(Source material Opens)
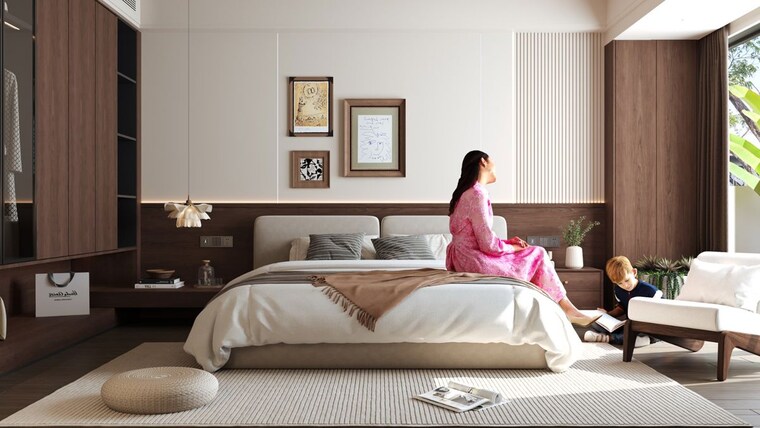 Bedroom, besa 2 Bedroom 1190 Sq.Ft. Apartment In Besa Nagpur 10095748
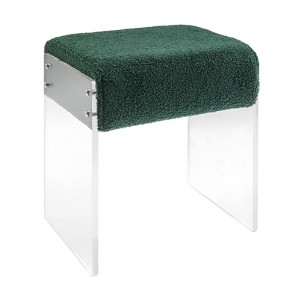 YIYIBYUS Modern Minimalist Acrylic Stool Chair, Makeup Stool Chair with Cushion, Modern Multifunctional Vanity Stool - 1 of 4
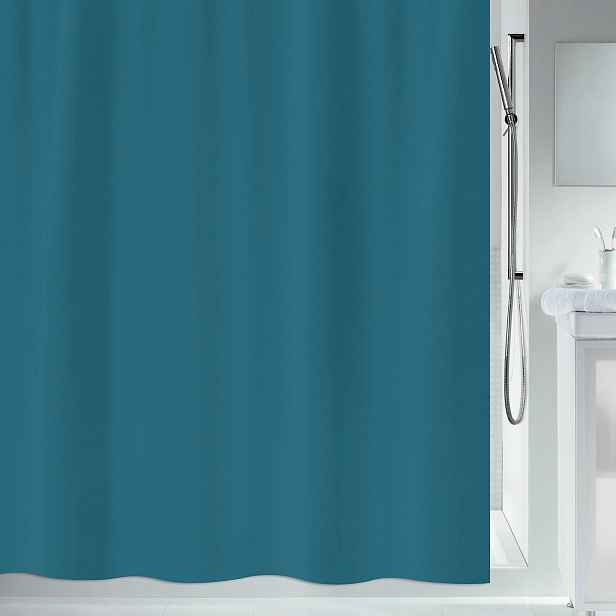 Spirella sprchový závěs Primo, petrolejově modrý, 180 x 200 cm, polyester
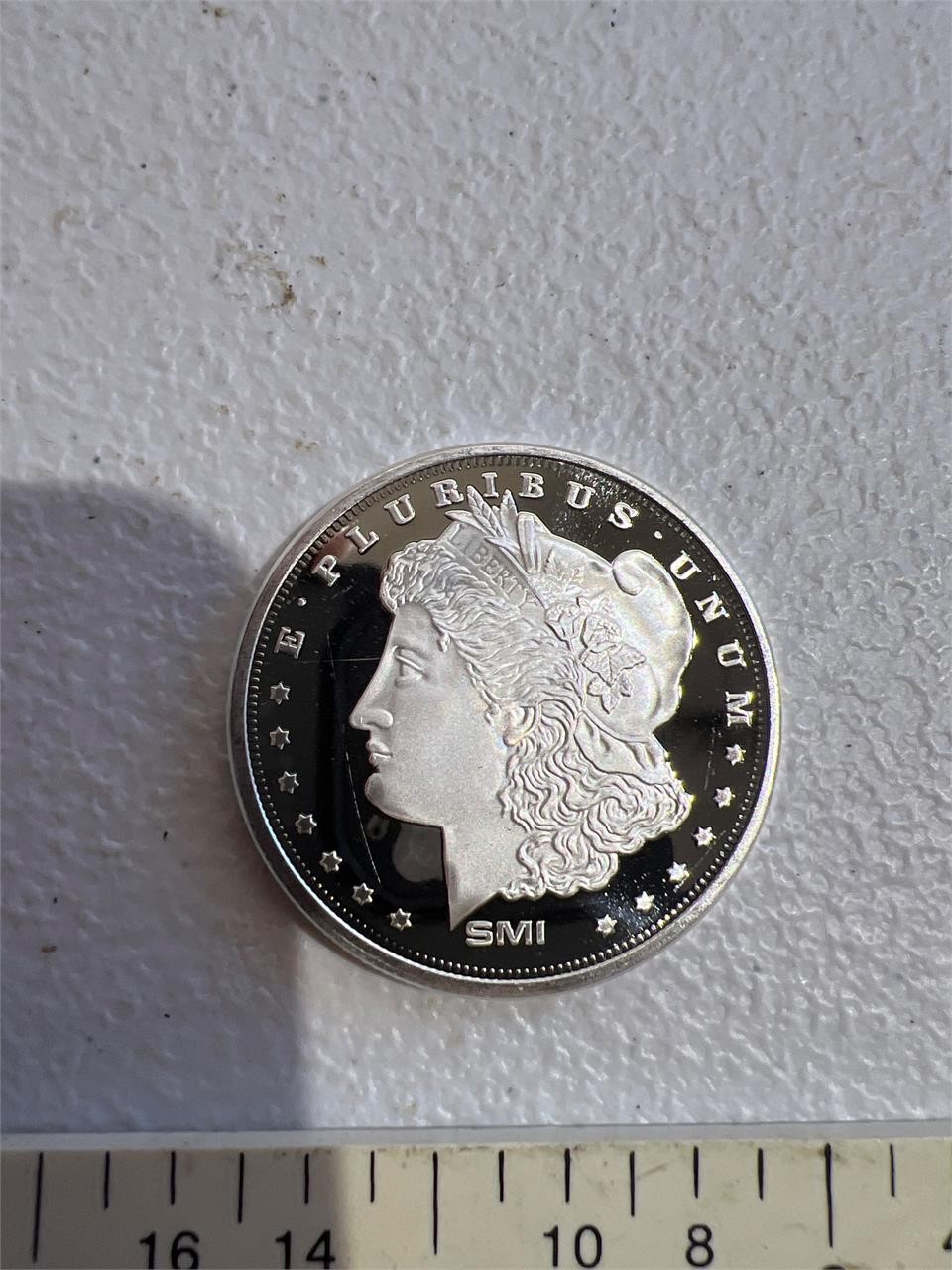 Sunshine mint 1 ounce silver Morgan design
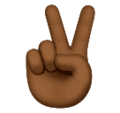 Victory Hand Emoji Huawei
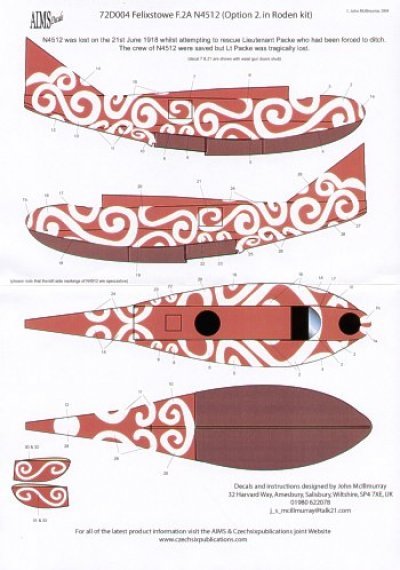 1/72 Scale Felixstowe F2A N4512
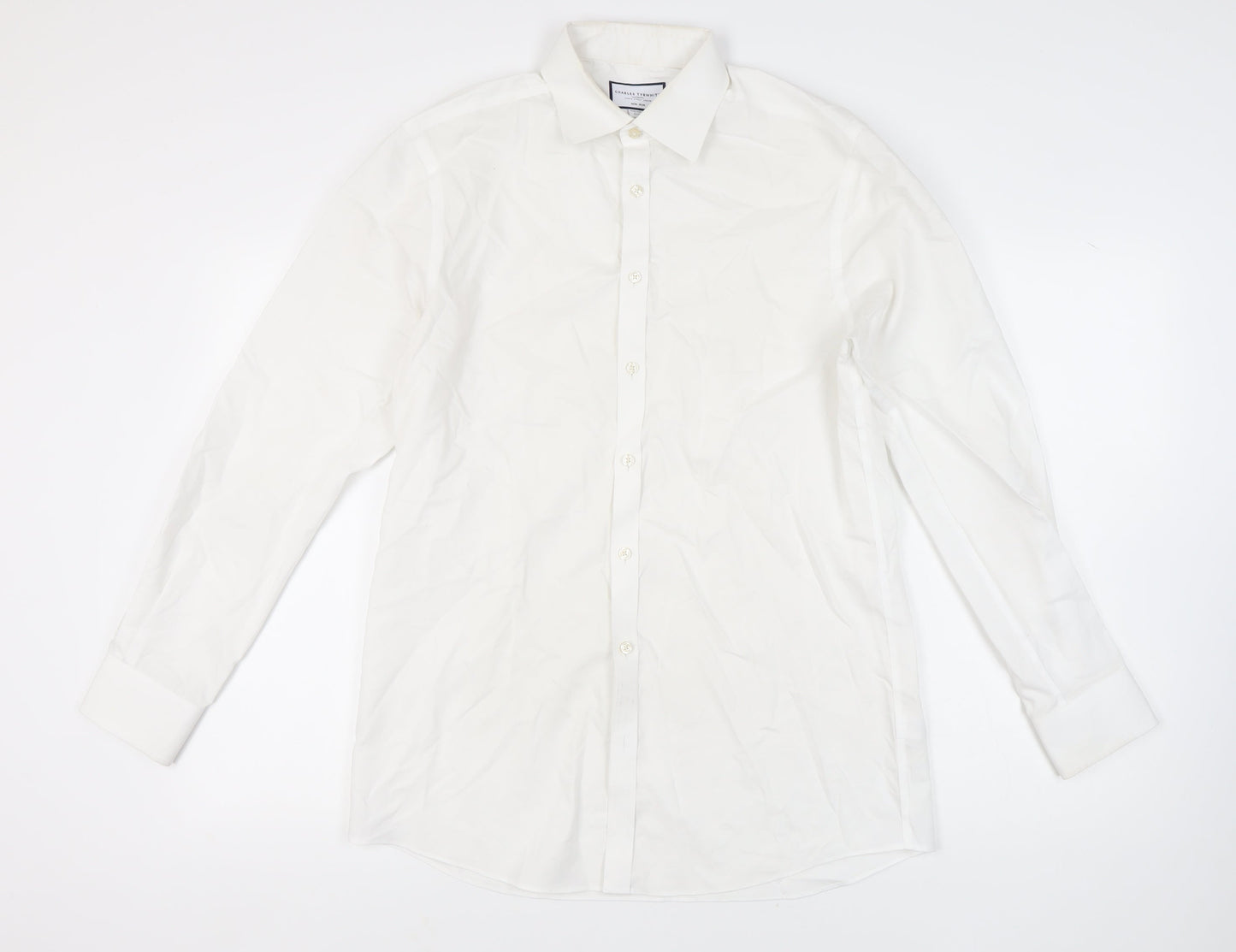 Charles Tyrwhitt Men's White Dress Shirt Extra-Slim Fit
(Source material Closes)
### Task to complete
Instruction for this listing: copy it exactly, but leave the images behind.

### Finished task
 Bedroom, besa 2 Bedroom 1190 Sq.Ft. Apartment In Besa Nagpur 10095748
 YIYIBYUS Modern Minimalist Acrylic Stool Chair, Makeup Stool Chair with Cushion, Modern Multifunctional Vanity Stool - 1 of 4
 Spirella sprchový závěs Primo, petrolejově modrý, 180 x 200 cm, polyester
 Sunshine mint 1 ounce silver Morgan design
 Victory Hand Emoji Huawei
 1/72 Scale Felixstowe F2A N4512
 Charles Tyrwhitt Men's White Dress Shirt Extra-Slim Fit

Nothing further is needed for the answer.